Solving the Missionary Banking Challenge
(Originally published as an article within ECCU’s former e-publication, Ministry Banking Today.)
A few weeks ago, I was on the phone with my sister. Mid-conversation she interrupted me with, "Oh, no. The bank is closed. How am I going to buy groceries?" For most, a closed bank means a minor inconvenience. But for her, a missionary in the Dominican Republic, it was a major hassle. She said the bank had closed early for some unexplained reason and she would have to try again the next day, which meant she would have to walk another three miles in an attempt to get her cash.
Challenges like this are common for missionaries serving overseas. The good news is that, while these roadblocks are unavoidable, there are ways around them. And it begins by finding a banking partner who understands your ministry's unique needs.

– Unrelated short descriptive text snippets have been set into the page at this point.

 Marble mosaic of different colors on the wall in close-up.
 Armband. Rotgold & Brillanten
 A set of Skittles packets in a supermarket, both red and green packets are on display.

Begin your search for a financial institution by identifying your obstacles. Do your missionaries lack typical banking conveniences like ATMs and internet access? Do they have credit needs but no credit history? Whatever the obstacles, look for a banking partner that will work with you to make banking one less thing to worry about. A financial institution that specifically serves missionaries should demonstrate characteristics such as these:
Caution. Whether your financial partner has any religious affiliation or not, it should understand that many missionaries serve in areas requiring extreme caution when referencing Christianity. You should be confident that all correspondence coming from their bank has been "sanitized" to prevent putting your missionaries at risk.
Partnership. Look for an organization that will serve both the agency and the missionary. When a financial institution can partner with sending agencies, missionaries enjoy safer, more efficient service. Often the bank will be able to work directly with the agency to provide check orders or financial correspondence to ensure it reaches the missionary safely.
Creativity. When banking barriers abound, nothing overcomes them like creative thinking. Your financial institution should anticipate obstacles when serving international missionaries and creatively work around them. One missionary in Togo was having trouble receiving her new debit card due to a corrupt mail system. Her banking partner solved the problem by having an employee hand deliver a new card while attending a conference in the area. Whether it's helping to minimize fees or working with the Federal Reserve Bank to provide you with new bills, creative solutions should be a regular part of your banking package.